Berdasarkan informasi yang diperoleh Hukumonline, ada beberapa pasal yang mengatur pertanggungjawaban pidana korporasi. Pasal 52 mengatur bukan saja penegasan bahwa korporasi merupakan subjek tindak pidana, tetapi menyebutkan beberapa bentuk korporasi yang dapat dianggap sebagai subjek hukum. Selain perseroan terbatas, ada Yayasan, koperasi, BUMN/BUMD atau yang disamakan dengan itu, perkumpulan. Bahkan meliputi pula firma dan persekutuan komanditer (CV).

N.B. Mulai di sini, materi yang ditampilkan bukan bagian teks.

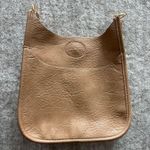 Mini purse Brown Photo 0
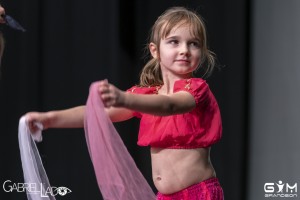 181109-181110-GYMGrandson-373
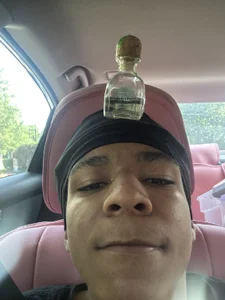 Zdjęcia NormalVoice0 Public: 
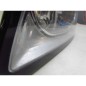 VOLVO S40 V50 LIFT 07-14 LAMPA REFLEKTOR BI XENON SKRETNY LEWY 31299599 UK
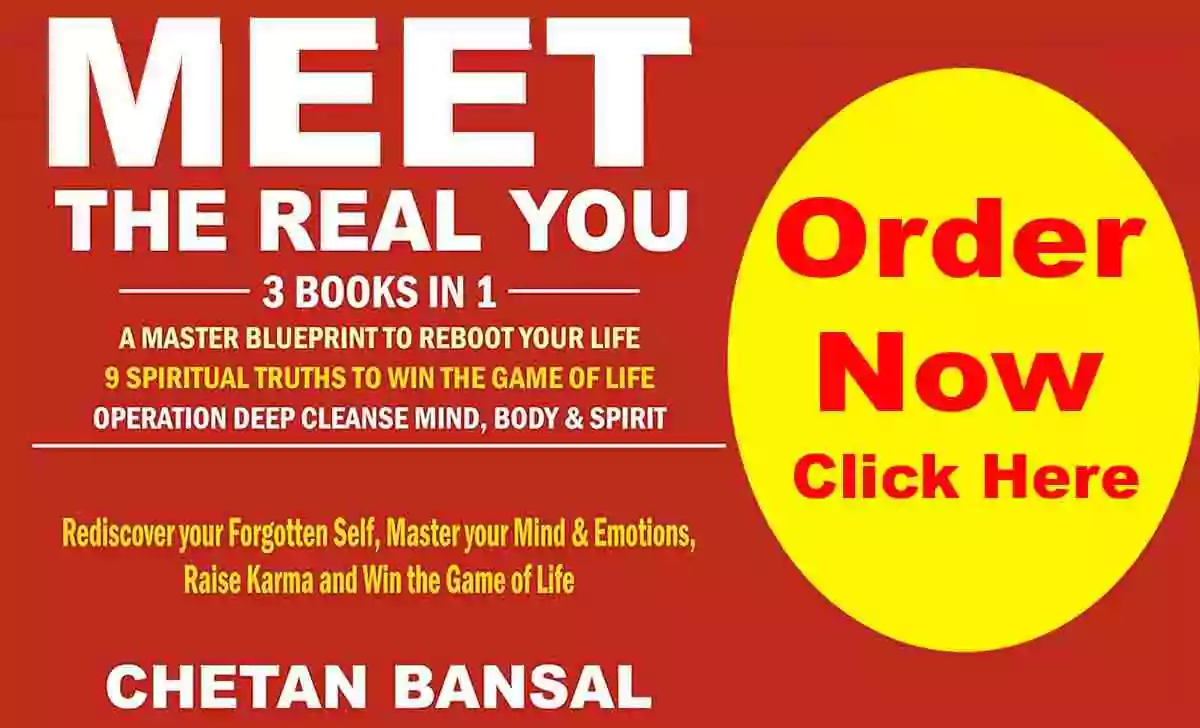 Best self development books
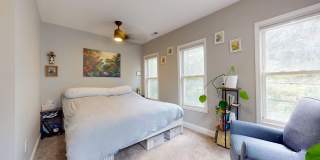 1328 Morris Rd SE Gallery 29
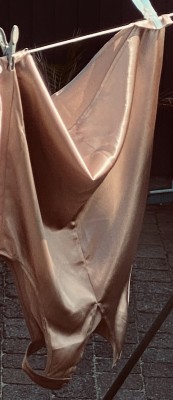 5765F482-918D-42A4-BD68-230AF97F9D26.jpeg (376.81 KiB) Viewed 3768 times 5765F482-918D-42A4-BD68-230AF97F9D26.jpeg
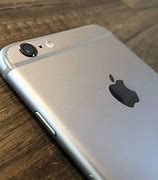 Image result for iPhone 6s Gray Color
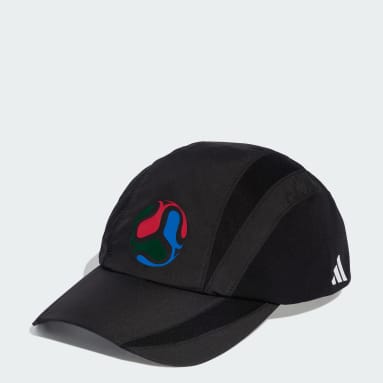 Country Pack 2026 Cap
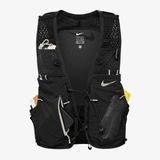 Nike Run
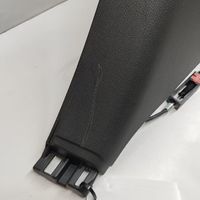 Honda CR-V Panneau, garniture de coffre latérale 84610TPAJ0120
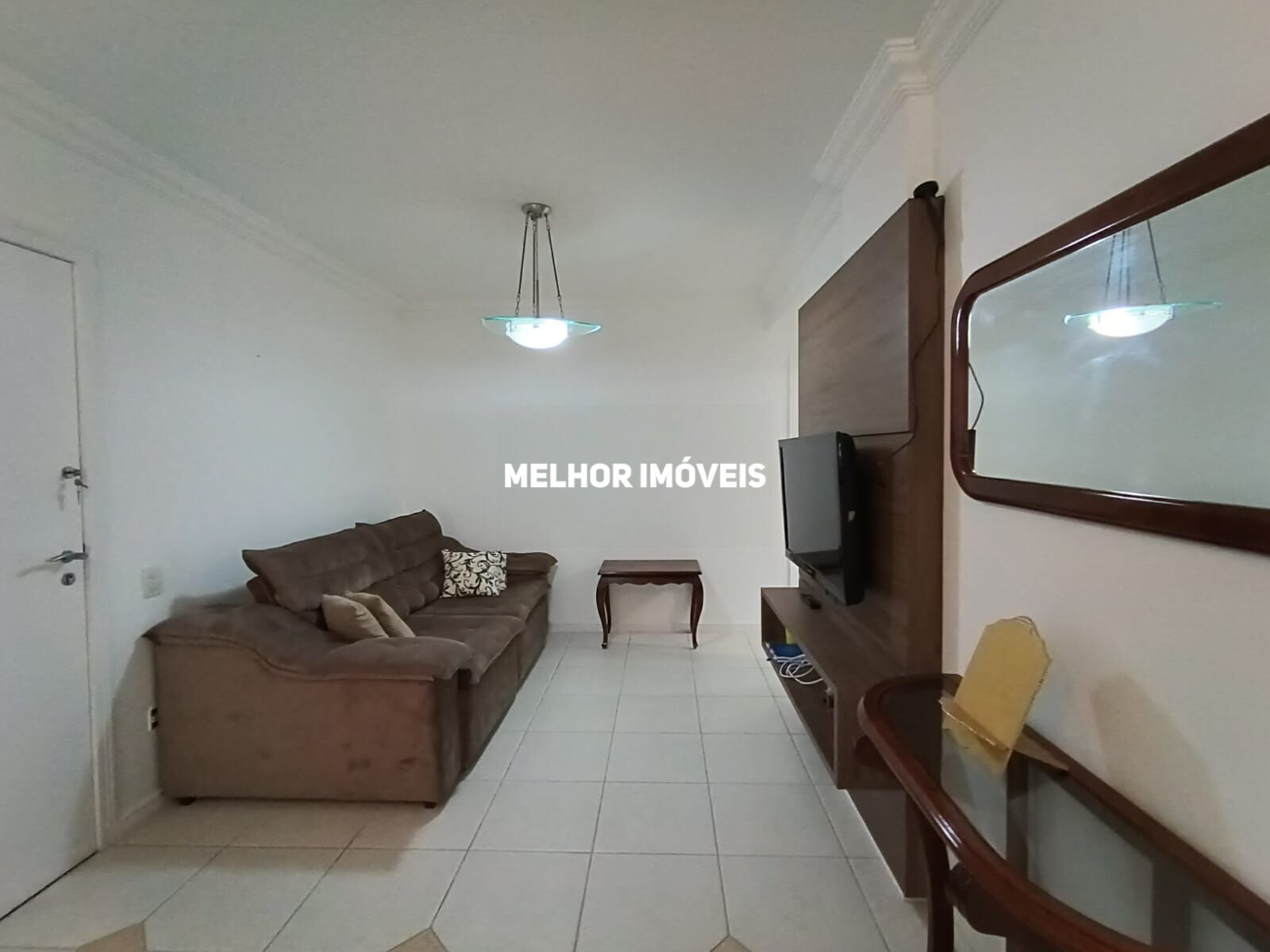 Apartamento para alugar com 2 quartos, 91m² - Foto 6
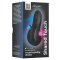 WE-VIBE Shared Touch Paarvibrator Schwarz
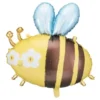 Bi folieballon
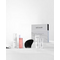 Decaar  Calm & Balance Set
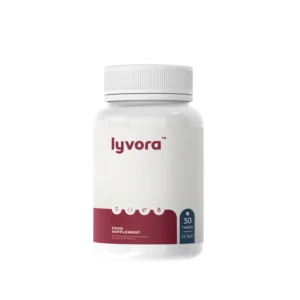 lyvora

Selanjutnya, Pasal 53 RUU KUHP menegaskan tindak pidana korporasi adalah tindak pidana yang dilakukan oleh orang-orang yang mempunyai kedudukan fungsional dalam struktur organisasi korporasi yang bertindak untuk dan atas nama korprasi atau bertindak demi kepentingan korporasi. Hubungan orang tersebut dengan korporasi dapat berupa hubungan kerja atau hubungan lain dalam lingkup usaha atau kegiatan korporasi.

Pasal 130 RUU menegaskan pidana bagi korporasi terdiri atas pidana pokok dan pidana tambahan. Pidana pokoknya adalah pidana denda. Pidana tambahannya banyak mulai dari pembayaran ganti rugi sampai kemungkinan pembubaran korporasi.

Dalam Perma No. 13 Tahun 2016, tindak pidana oleh korporasi merupakan tindak pidana yang dilakukan oleh orang berdasarkan hubungan kerja, atau berdasarkan hubungan lain, baik sendiri-sendiri atau bersama-sama  yang bertindak untuk dan atas nama korporasi di dalam atau di luar lingkungan korporasi.

Menurut Prof. Muladi, kecenderungan universal untuk mengatur pertanggungjawaban pidana korporasi secara umum dan menempatkan korporasi sebagai subjek hukum pidana merupakan refleksi kebijakan untuk meningkatkan peram instrumental hukum pidana untuk menanggulangi berbagai tindak pidana berat.

Karena itu, kalangan praktisi hukum akan melihat satu per satu korporasi dimintai tanggung jawab hukum. Ketika doktrin societas delinquere non potest itu tak dapat dipertahankan lagi, maka satu persatu korporasi akan berurusan dengan hukum.